● **Brief**
Once you reach the line holding "NWOT gold and rhinestone Baublebar bracelet", write out that line and every later one exactly, ending with the last line of the data; write nothing else.
*** Data records
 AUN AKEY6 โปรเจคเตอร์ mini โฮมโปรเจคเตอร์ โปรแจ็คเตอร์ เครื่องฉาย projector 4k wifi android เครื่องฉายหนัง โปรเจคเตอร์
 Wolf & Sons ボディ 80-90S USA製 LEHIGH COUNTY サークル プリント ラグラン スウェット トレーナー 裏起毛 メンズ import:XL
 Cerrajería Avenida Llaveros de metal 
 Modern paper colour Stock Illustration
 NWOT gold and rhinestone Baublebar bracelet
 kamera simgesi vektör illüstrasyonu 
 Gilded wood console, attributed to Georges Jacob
******
● **Response box**
 NWOT gold and rhinestone Baublebar bracelet
 kamera simgesi vektör illüstrasyonu 
 Gilded wood console, attributed to Georges Jacob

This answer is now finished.